→ **Problem details**:
Exact copy, no pictures: return only the lines below from the line with "Woonkamer met blauwgroene" up to and including the line with "Baby white bodysuit with toys".

→ **Data for this exercise**:
########

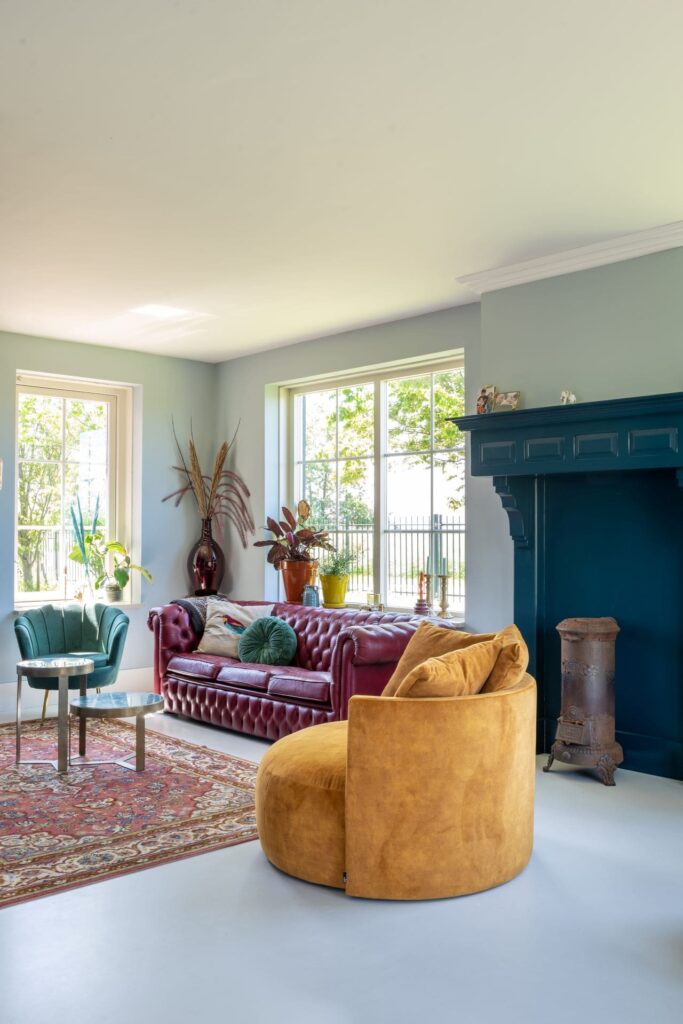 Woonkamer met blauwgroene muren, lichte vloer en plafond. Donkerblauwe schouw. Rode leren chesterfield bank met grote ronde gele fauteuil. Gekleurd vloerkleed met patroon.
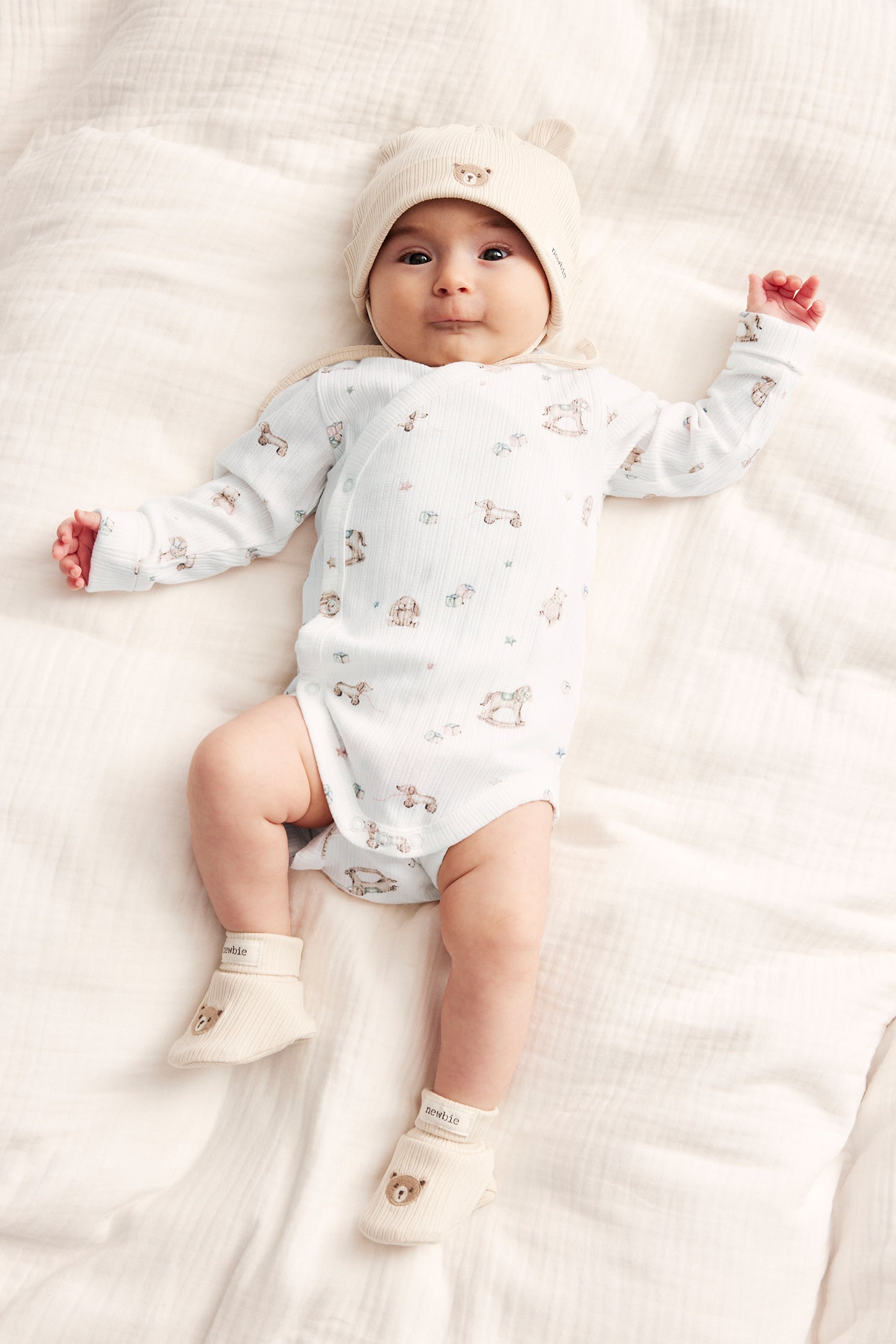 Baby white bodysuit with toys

########

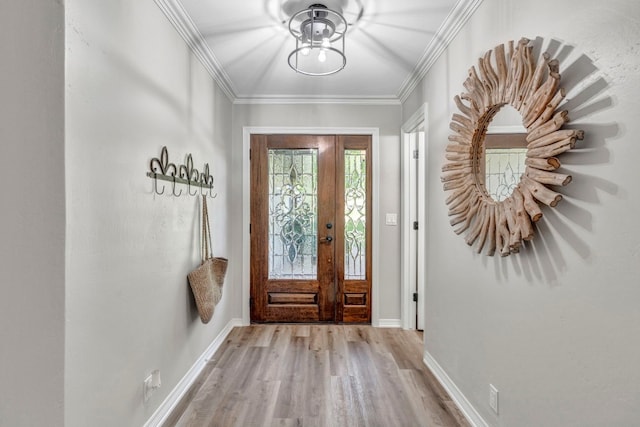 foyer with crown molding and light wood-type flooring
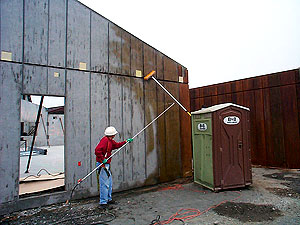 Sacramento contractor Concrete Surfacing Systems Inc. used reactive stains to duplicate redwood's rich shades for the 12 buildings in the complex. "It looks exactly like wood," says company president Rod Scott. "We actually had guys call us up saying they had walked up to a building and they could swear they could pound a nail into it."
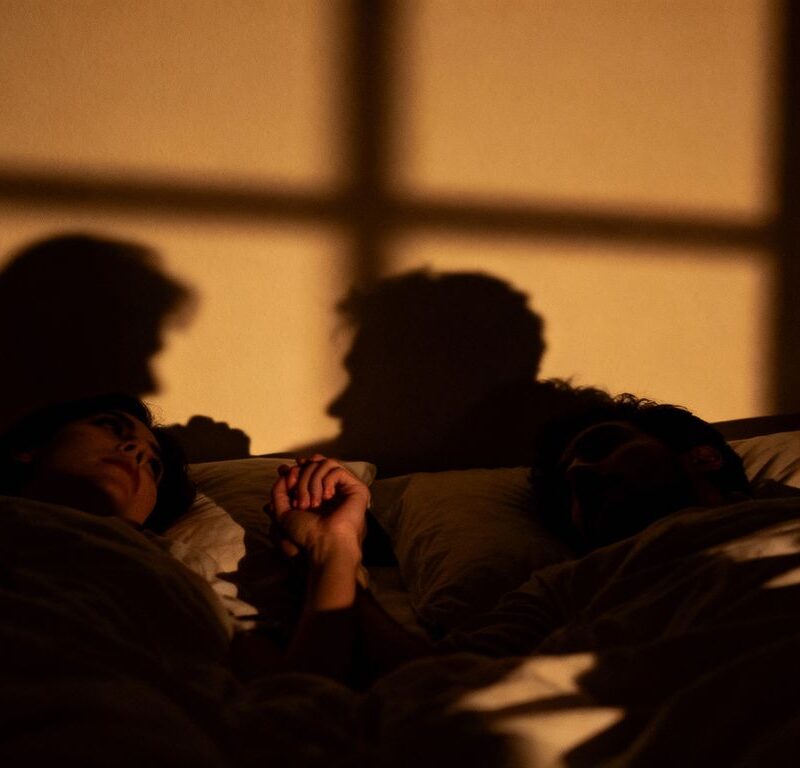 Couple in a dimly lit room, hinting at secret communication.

########

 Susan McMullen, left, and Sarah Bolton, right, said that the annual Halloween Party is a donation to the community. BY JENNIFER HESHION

########

→ **Task response**:
 Woonkamer met blauwgroene muren, lichte vloer en plafond. Donkerblauwe schouw. Rode leren chesterfield bank met grote ronde gele fauteuil. Gekleurd vloerkleed met patroon.
 Baby white bodysuit with toys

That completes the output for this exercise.